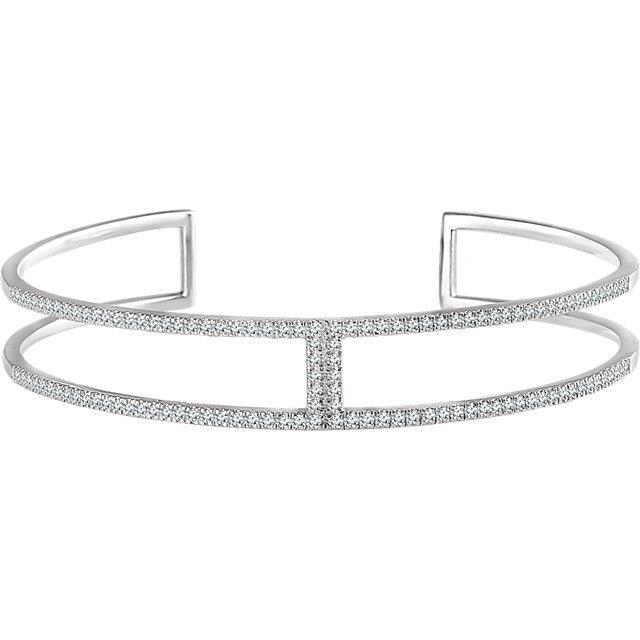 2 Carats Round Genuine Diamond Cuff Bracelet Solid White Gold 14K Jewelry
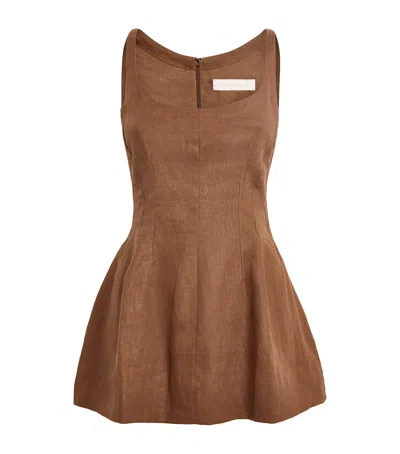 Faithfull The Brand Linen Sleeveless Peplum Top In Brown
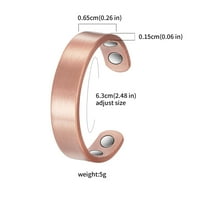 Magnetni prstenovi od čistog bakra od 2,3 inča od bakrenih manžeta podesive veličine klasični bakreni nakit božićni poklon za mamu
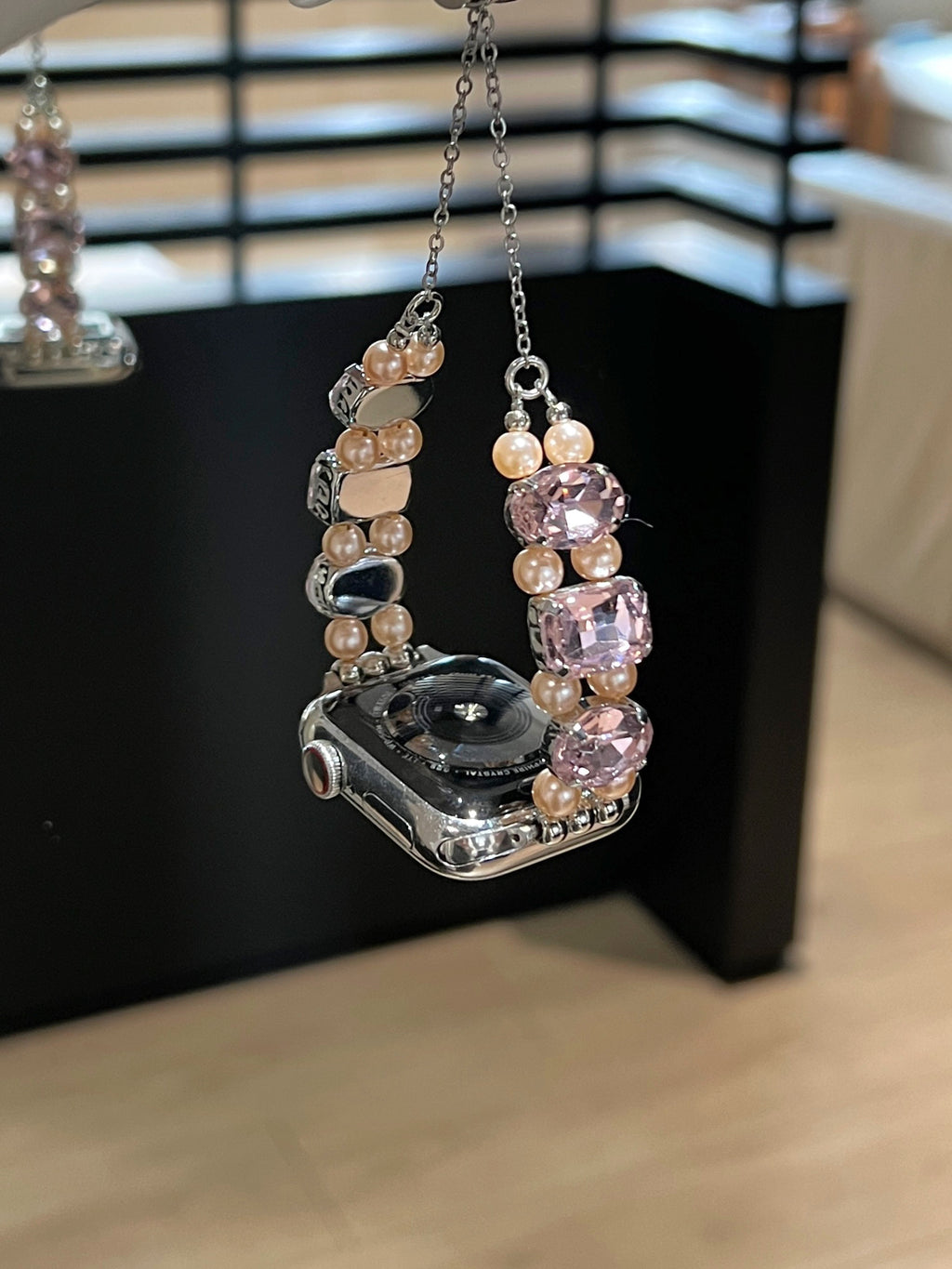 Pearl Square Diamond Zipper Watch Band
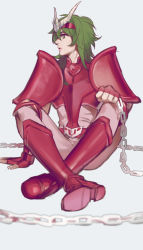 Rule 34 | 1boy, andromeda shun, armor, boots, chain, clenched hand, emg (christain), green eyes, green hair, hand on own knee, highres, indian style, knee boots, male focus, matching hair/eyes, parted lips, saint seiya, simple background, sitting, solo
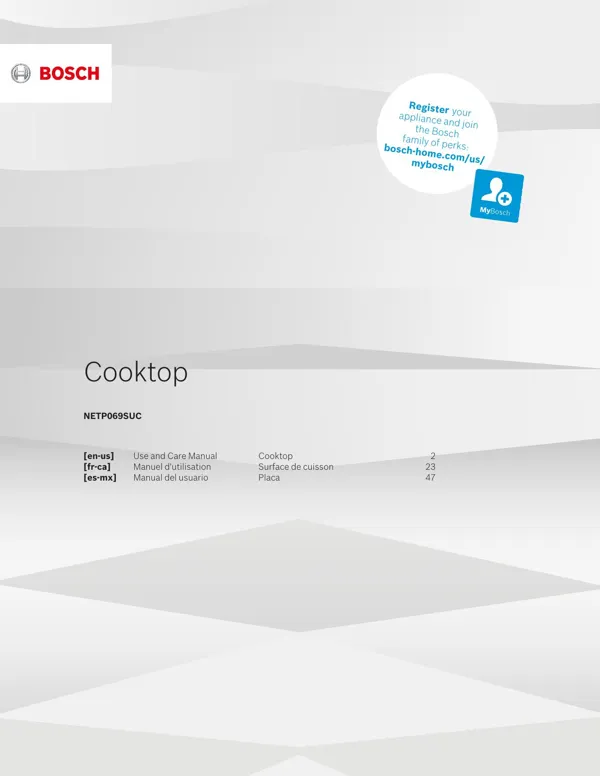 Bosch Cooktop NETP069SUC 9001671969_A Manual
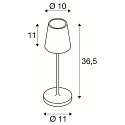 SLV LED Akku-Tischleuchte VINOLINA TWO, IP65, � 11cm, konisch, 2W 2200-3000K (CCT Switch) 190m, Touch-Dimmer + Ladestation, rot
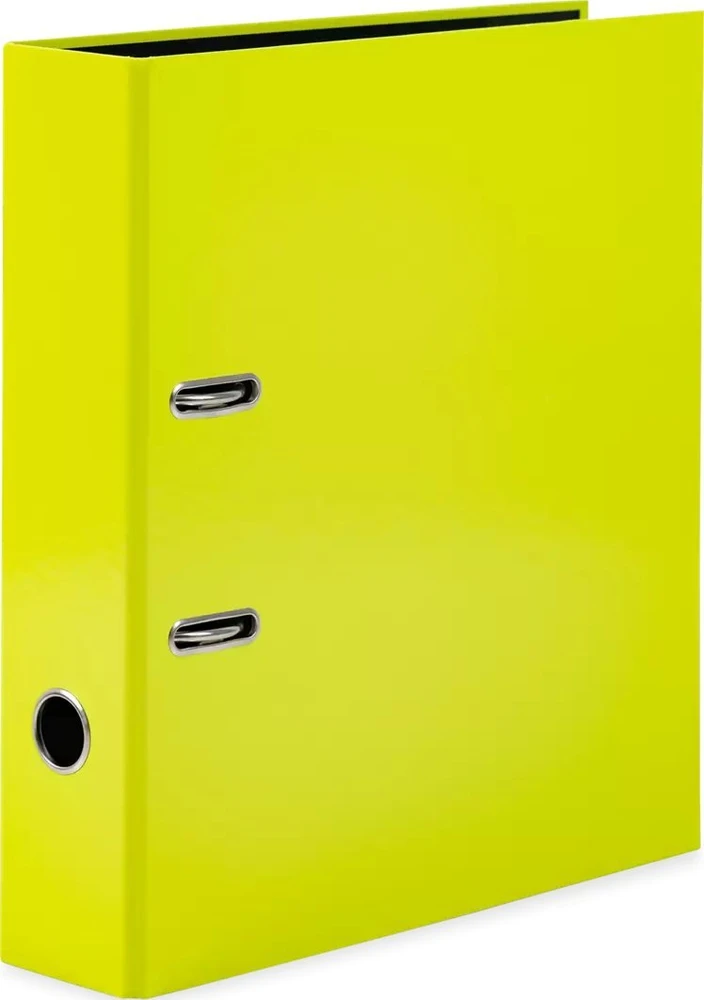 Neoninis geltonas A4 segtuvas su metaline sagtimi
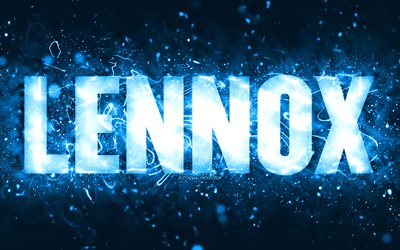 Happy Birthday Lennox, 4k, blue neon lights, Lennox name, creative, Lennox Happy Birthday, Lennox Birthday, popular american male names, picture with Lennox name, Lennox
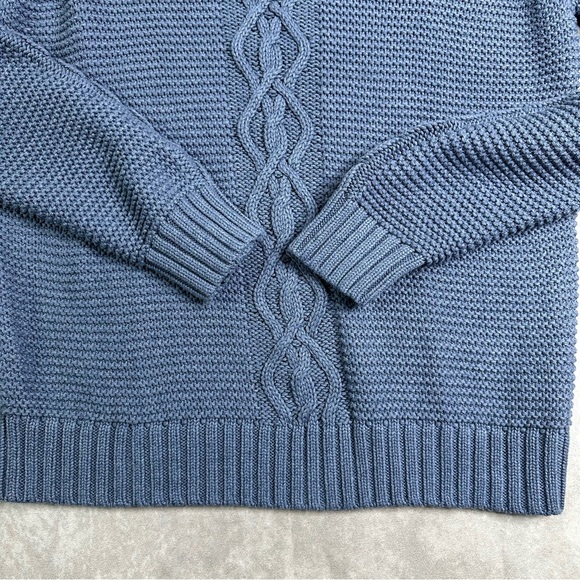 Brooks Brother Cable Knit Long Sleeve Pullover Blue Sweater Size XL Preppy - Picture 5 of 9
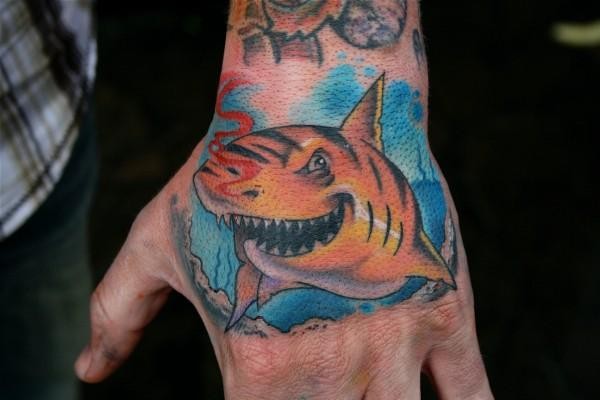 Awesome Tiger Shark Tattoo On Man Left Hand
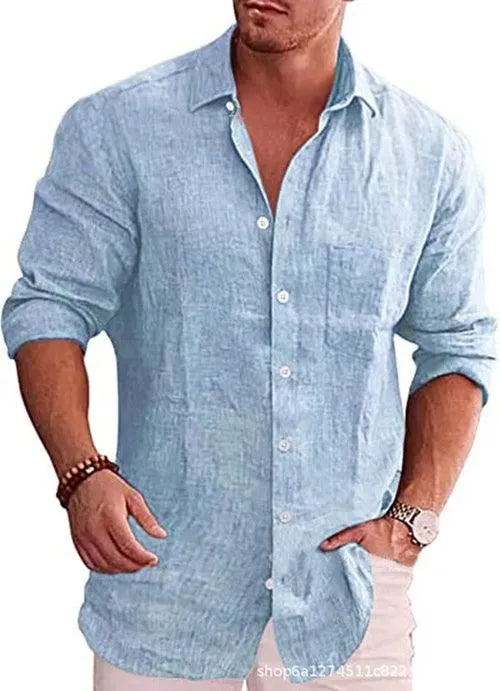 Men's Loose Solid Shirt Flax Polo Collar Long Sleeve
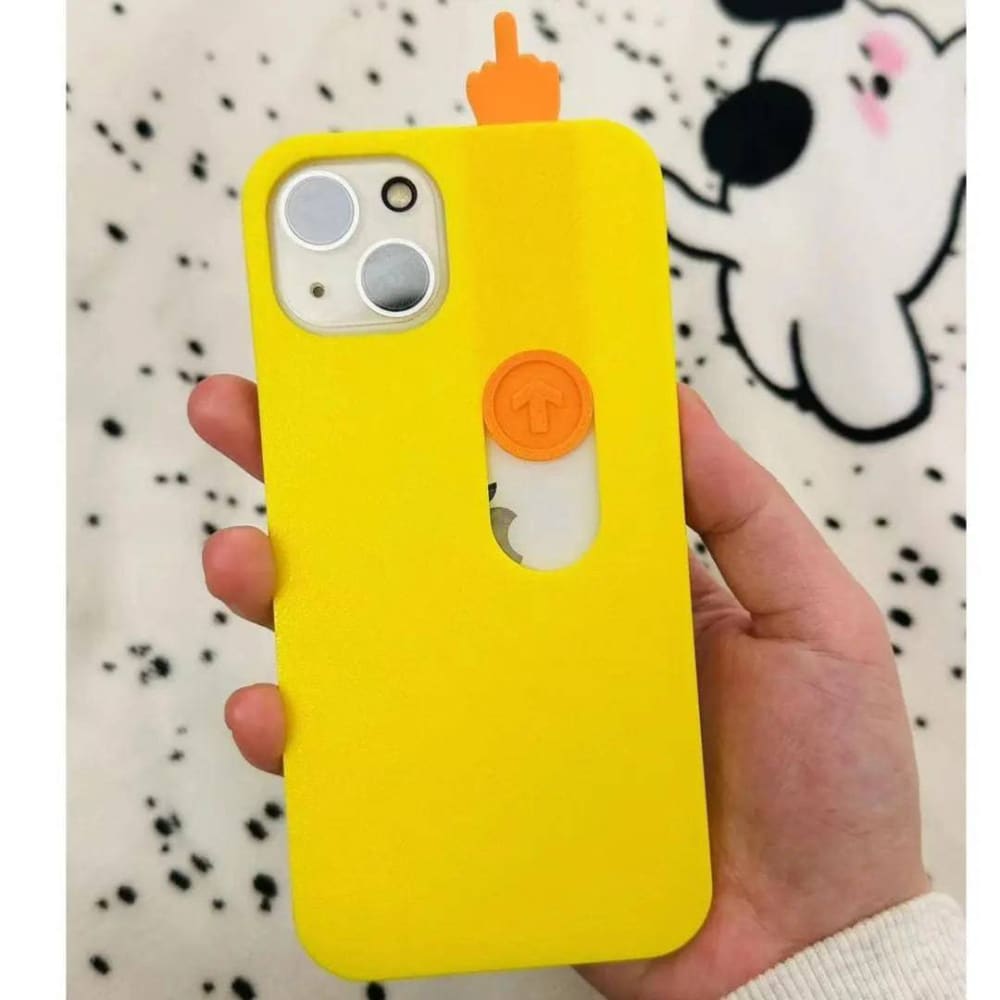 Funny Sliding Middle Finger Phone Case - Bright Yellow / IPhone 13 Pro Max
____
— Exercise instructions —
An exact restatement of the lines from the one holding "Magnetni prstenovi od" through the end of the entries, both ends included, is the whole answer. Pictures stay out.

— Solution for this exercise —
 Magnetni prstenovi od čistog bakra od 2,3 inča od bakrenih manžeta podesive veličine klasični bakreni nakit božićni poklon za mamu
 Pearl Square Diamond Zipper Watch Band
 Rule 34 | 1boy, andromeda shun, armor, boots, chain, clenched hand, emg (christain), green eyes, green hair, hand on own knee, highres, indian style, knee boots, male focus, matching hair/eyes, parted lips, saint seiya, simple background, sitting, solo
 Bosch Cooktop NETP069SUC 9001671969_A Manual
 SLV LED Akku-Tischleuchte VINOLINA TWO, IP65, � 11cm, konisch, 2W 2200-3000K (CCT Switch) 190m, Touch-Dimmer + Ladestation, rot
 Neoninis geltonas A4 segtuvas su metaline sagtimi
 Happy Birthday Lennox, 4k, blue neon lights, Lennox name, creative, Lennox Happy Birthday, Lennox Birthday, popular american male names, picture with Lennox name, Lennox
 Brooks Brother Cable Knit Long Sleeve Pullover Blue Sweater Size XL Preppy - Picture 5 of 9
 Awesome Tiger Shark Tattoo On Man Left Hand
 Men's Loose Solid Shirt Flax Polo Collar Long Sleeve
 Funny Sliding Middle Finger Phone Case - Bright Yellow / IPhone 13 Pro Max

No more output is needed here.